Dominique de Villepin n'est pas un prévenu comme les autres. Pendant cinq semaines, magistrats et avocats se sont attachés à le faire croire à l'audience. Mais la journée de mardi aura prouvé le contraire.


Pourquoi? D'abord parce que le procureur de la République de Paris et son substitut se sont partagés les rôles. A Jean-Claude Marin incombait la tâche de charger l'ancien Premier ministre, à Romain Victor celle de s'occuper des autres prévenus au procès Clearstream.


Le temps imparti ensuite. Le réquisitoire contre Dominique de Villepin a duré à lui seul une heure et demi, quand les autres se sont parfois contentés d'un quart d'heure. A l'exception de Jean-Louis Gergorin, à l'encontre duquel le ministère public a été le plus sévère -avec Imad Lahoud- et a réclamé 18 mois de prison ferme.


Que dire aussi de cette phrase lâchée par Jean-Claude Marin: "je l'ai dit hier à Nicolas Sarkozy..."? Alors que l'affaire était déjà entachée d'un soupçon de politisation, il n'avait nul besoin de faire mention du président de la République, partie civile dans l'histoire. "Où les réquisitions écrites ont-elles été prises: boulevard du Palais ou rue du Faubourg Saint Honoré? Vous avez peut-être la réponse ce soir", a réagi l'avocat de Dominique de Villepin Me Metzner, comme pour instiller le doute.


D'ailleurs, Dominique de Villepin ne s'y est pas trompé, profitant de l'occasion pour confier aux caméras qui se pressaient à la sortie: "Nicolas Sarkozy avait promis de me pendre à un croc de boucher.

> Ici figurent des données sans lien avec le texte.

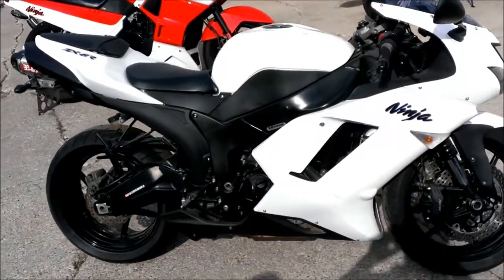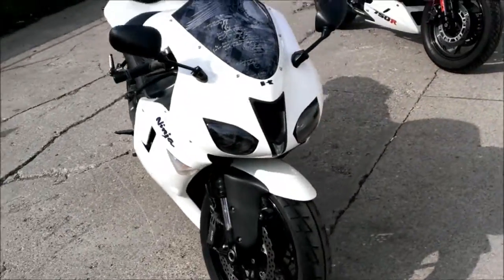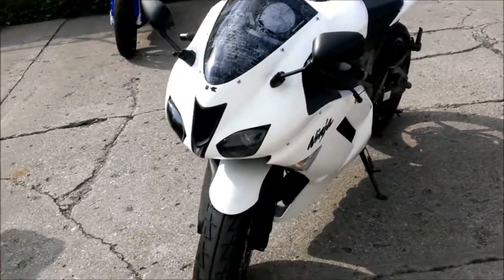At CoolPowerSports.com we have over 400 used bikes on the showroom floor for sale. Today we have a 2008 Kawasaki Ninja ZX-6R crotch rocket for sale.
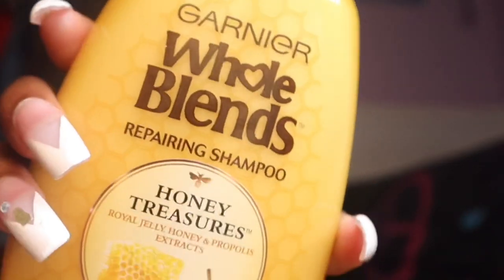I got two different conditioners and two different shampoos. I got the Garnier Whole Blends conditioner and the Garnier Whole Blends shampoo. I love stuff with honey in it for my hair because honey and my hair is like a good mixture — I love natural hair products. And then I have this honey and coconut oil shampoo with the conditioner to go with it.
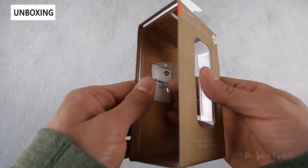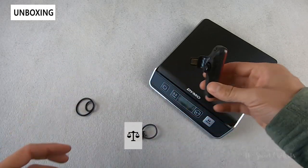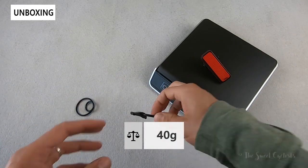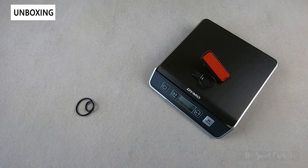You also get the quick start guide, which is buried underneath the plastic. The weight of the light with the medium length strap comes in at 40 grams, so quite light.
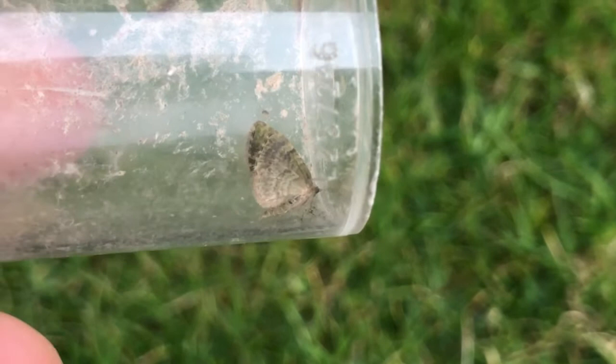Let's see if we can get this V-pug to open its wings. It's a lovely little green-coloured geometrid, but it doesn't want to open its wings. It's got a nice little V-mark on the upper wing.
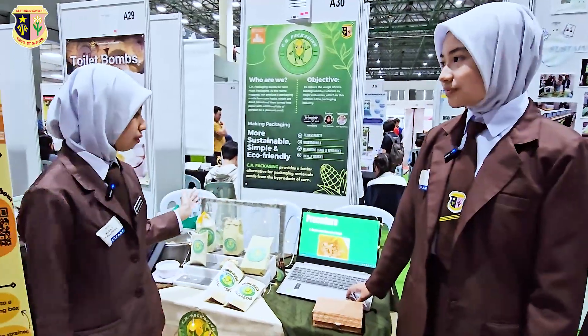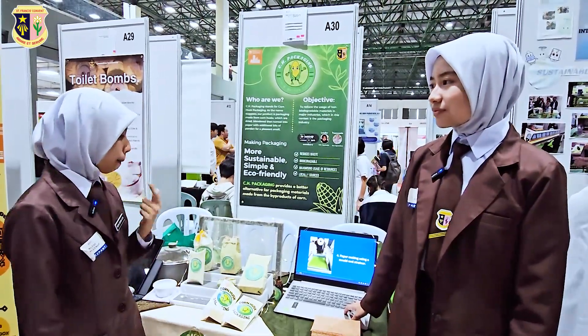Next up is the procedure on how to make our product. First, separate the corn husk from the corn cob. Second, boil the corn husk with sodium carbonate — the sodium carbonate functions to break down the fibers in the corn husk. Next, rinse and blend the corn husk into a pulp consistency to ease the paper-making process. Then, make the paper using a mold and strainer — our mold is made from a photo frame and mesh wire. Next, put the strained paper onto a piece of cotton cloth to dry so that when peeling the paper off, it doesn't stick.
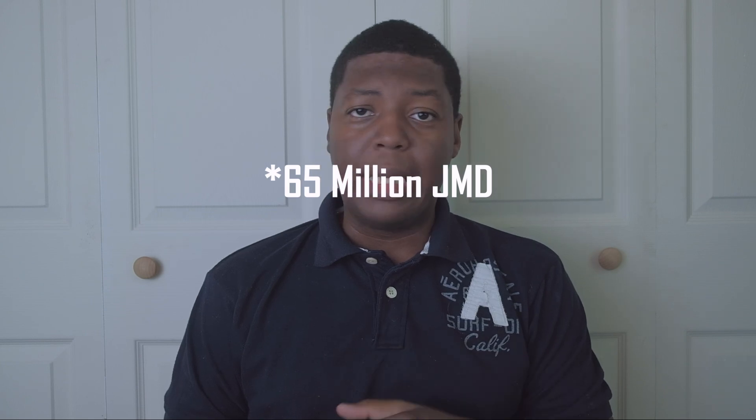Let's give you a bit of detail about the development. They're building apartments and also townhouses. The apartments are one bedroom and one bathroom, and the townhouses are three bedroom and two bathrooms. The starting price for the apartment is 30 million Jamaican dollars, and the starting price for the townhouse is 65 million Jamaican dollars.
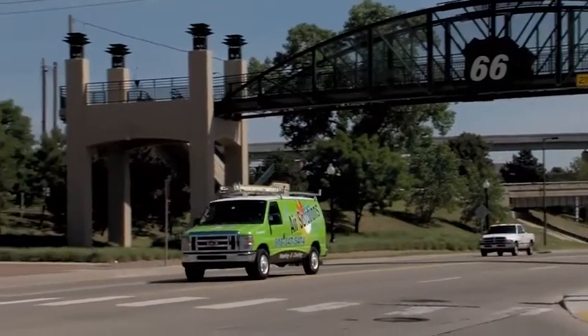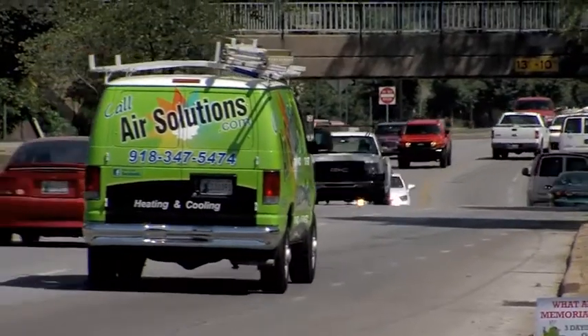It's Spot That Van season at Air Solutions Heating, Cooling, and Plumbing. And you know what that means — paparazzi. Our lime green vans are pretty famous this time of the year. They're not just a vehicle for quality AC and plumbing repair and replacement, but also the Spot That Van Contest.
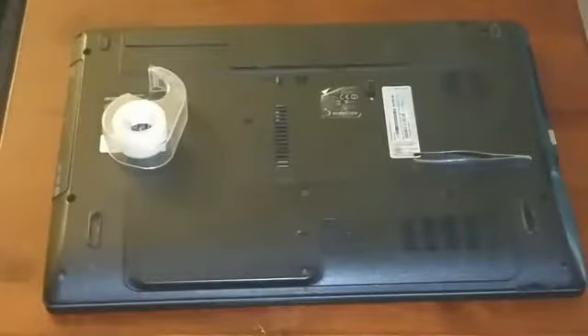Just a quick recap. Number one, as far as summer computer maintenance, we talked about making sure that you back up your files. Number two, any old files or programs that you no longer need, make sure you delete those, clean them out.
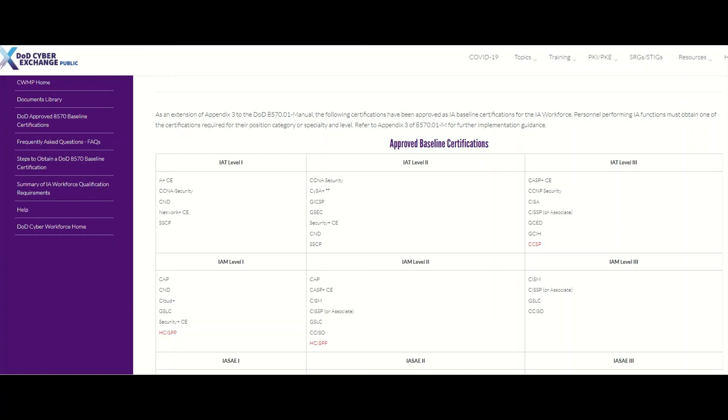There is an updated version of this list, which is now called the DOD 8041 list, but people still use 8570 as the guideline for most job postings.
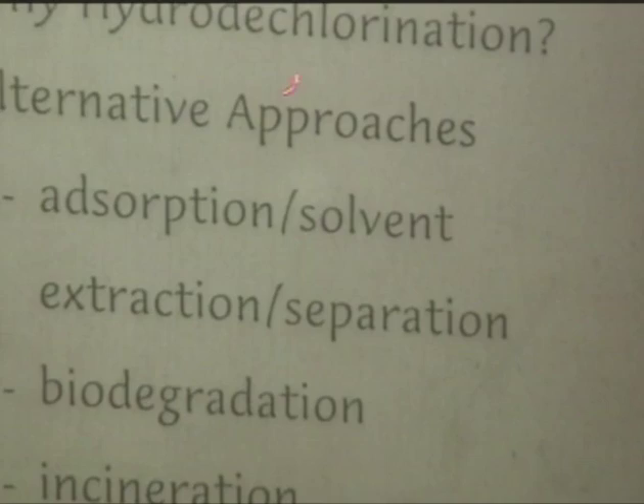I'm presenting hydrodechlorination as an environmental remediation methodology, whereby you can selectively cleave one or more chlorines from a polychlorinated aromatic in a very concentrated stream, whether gas or liquid. The alternative approaches - absorption, solvent extraction, some sort of physical separation - are really just concentrating what would be regarded as chlorinated waste, with no chemical transformation or real possibility of recycle.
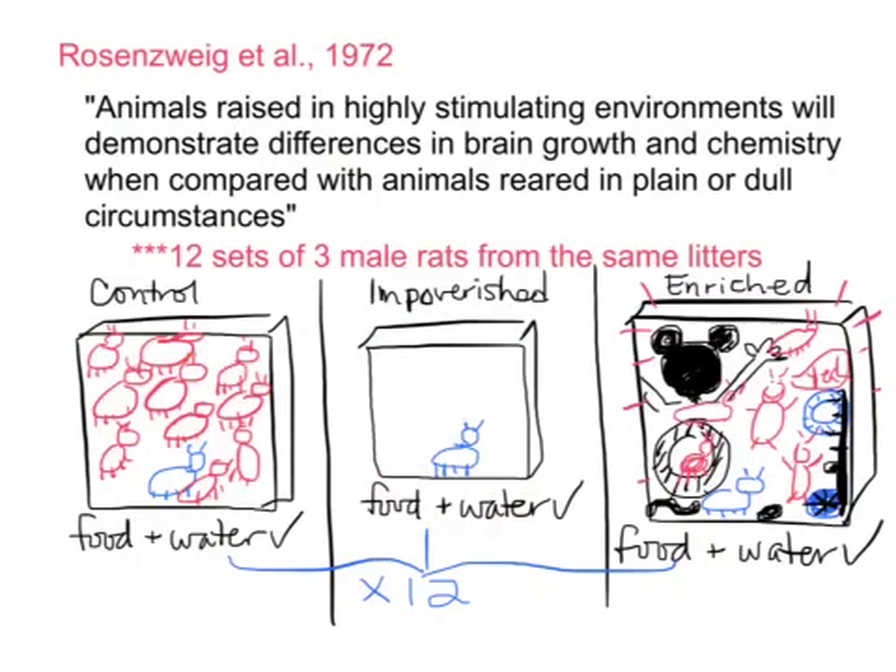The third sibling from those three male rats was put into an enriched cage, which was like a rat Disneyland, with all kinds of fun games to do, a running wheel, and all kinds of things, a few other friends to hang out with, and also sufficient food and water. They did this with 12 different sets of male rats.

Je vois que la promesse a été tenue."


Ministre des Affaires étrangères à l'époque des faits, l'ex-diplomate risque 18 mois de prison avec sursis et 45.000 euros d'amende, si les juges suivent les réquisitions du parquet. Ce dernier lui reproche sa complicité par abstention volontaire. En clair, il est coupable de n'avoir pas empêché la dénonciation calomnieuse de se faire ou de se poursuivre, c'est-à-dire qu'il s'est rendu complice par son silence des agissements de Jean-Louis Gergorin. "Errare humanum est, perseverare diabolicum", a justifié le procureur qui blâme Dominique de Villepin pour n'avoir pas fait savoir plus tôt que les listings étaient faux.


A ce sujet, Jean-Claude Marin écarte toute éventuelle responsabilité collective, rétorquant qu'aucun autre ministre, pas même Michèle Alliot-Marie, alors ministre de la Défense, n'avait les liens de Dominique de Villepin avec l'ancien vice-président d'EADS.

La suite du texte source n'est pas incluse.